| 15505 | If a set is 'a many thought of as one', beginners should protest against singleton sets [Cantor, by Lewis] |
| Full Idea: Cantor taught that a set is 'a many, which can be thought of as one'. ...After a time the unfortunate beginner student is told that some classes - the singletons - have only a single member. Here is a just cause for student protest, if ever there was one. | |
| From: report of George Cantor (works [1880]) by David Lewis - Parts of Classes 2.1 | |
| A reaction: There is a parallel question, almost lost in the mists of time, of whether 'one' is a number. 'Zero' is obviously dubious, but if numbers are for counting, that needs units, so the unit is the precondition of counting, not part of it. |
| 6103 | Normally a class with only one member is a problem, because the class and the member are identical [Russell] |
| Full Idea: With the ordinary view of classes you would say that a class that has only one member was the same as that one member; that will land you in terrible difficulties, because in that case that one member is a member of that class, namely, itself. | |
| From: Bertrand Russell (The Philosophy of Logical Atomism [1918], §VII) | |
| A reaction: The problem (I think) is that classes (sets) were defined by Frege as being identical with their members (their extension). With hindsight this may have been a mistake. The question is always 'why is that particular a member of that set?' |
| 13203 | The singleton is defined using the pairing axiom (as {x,x}) [Enderton] |
| Full Idea: Given any x we have the singleton {x}, which is defined by the pairing axiom to be {x,x}. | |
| From: Herbert B. Enderton (Elements of Set Theory [1977], 2:19) | |
| A reaction: An interesting contrivance which is obviously aimed at keeping the axioms to a minimum.
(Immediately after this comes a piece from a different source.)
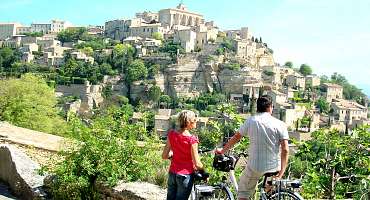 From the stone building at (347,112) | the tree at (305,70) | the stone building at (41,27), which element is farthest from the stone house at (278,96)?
the stone building at (41,27)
If you can do it intuitively with a new axiom, or unintuitively with an existing axiom - prefer the latter! |
| 10813 | What on earth is the relationship between a singleton and an element? [Lewis] |
| Full Idea: A new student of set theory has just one thing, the element, and he has another single thing, the singleton, and not the slightest guidance about what one thing has to do with the other. | |
| From: David Lewis (Mathematics is Megethology [1993], p.12) |
| 10814 | Are all singletons exact intrinsic duplicates? [Lewis] |
| Full Idea: Are all singletons exact intrinsic duplicates? | |
| From: David Lewis (Mathematics is Megethology [1993], p.13) |
| 15497 | We can replace the membership relation with the member-singleton relation (plus mereology) [Lewis] |
| Full Idea: Given the theory of part and whole, the member-singleton relation may replace membership generally as the primitive notion of set theory. | |
| From: David Lewis (Parts of Classes [1991], Pref) | |
| A reaction: An obvious question is to ask what the member-singleton relation is if it isn't membership. |
| 15506 | If we don't understand the singleton, then we don't understand classes [Lewis] |
| Full Idea: Our utter ignorance about the nature of the singletons amounts to sheer ignorance about the nature of classes generally. | |
| From: David Lewis (Parts of Classes [1991], 2.1) |
| 15511 | If singleton membership is external, why is an object a member of one rather than another? [Lewis] |
| Full Idea: Suppose the relation of member to singleton is external. Why must Possum be a member of one singleton rather than another? Why isn't it contingent which singleton is his? | |
| From: David Lewis (Parts of Classes [1991], 2.2) | |
| A reaction: He cites Van Inwagen for raising this question, and answers it in terms of counterparts. So is the relation internal or external? I think of sets as pairs of curly brackets, not existing entities, so the question doesn't bother me. |
| 15513 | Maybe singletons have a structure, of a thing and a lasso? [Lewis] |
| Full Idea: Maybe the singleton of something x is not an atom, but consists of x plus a lasso. That gives a singleton an internal structure. ...But what do we know of the nature of the lasso, or how it fits? We are no better off. | |
| From: David Lewis (Parts of Classes [1991], 2.5) | |
| A reaction: [second bit on p.45] |
| 9551 | What is special about Bill Clinton's unit set, in comparison with all the others? [Chihara] |
| Full Idea: What is it about the intrinsic properties of just that one unit set in virtue of which Bill Clinton is related to just it and not to any other unit sets in the set-theoretical universe? | |
| From: Charles Chihara (A Structural Account of Mathematics [2004], 01.5) | |
| A reaction: If we all kept pet woodlice, we had better not hold a wood louse rally, or we might go home with the wrong one. My singleton seems seems remarkably like yours. Could we, perhaps, swap, just for a change? |
| 8956 | What is a singleton set, if a set is meant to be a collection of objects? [Szabó] |
| Full Idea: The relationship between an object and its singleton is puzzling. Our intuitive conception of a set is a collection of objects - what are we to make of a collection of a single object? | |
| From: Zoltán Gendler Szabó (Nominalism [2003], 4.1) | |
| A reaction: The ontological problem seems to be the same as that of the empty set, and indeed the claim that a pair of entities is three things. For logicians the empty set is as real as a pet dog, but not for me. |
| 14243 | The unit set may be needed to express intersections that leave a single member [Oliver/Smiley] |
| Full Idea: Thomason says with no unit sets we couldn't call {1,2}∩{2,3} a set - but so what? Why shouldn't the intersection be the number 2? However, we then have to distinguish three different cases of intersection (common subset or member, or disjoint). | |
| From: Oliver,A/Smiley,T (What are Sets and What are they For? [2006], 2.2) |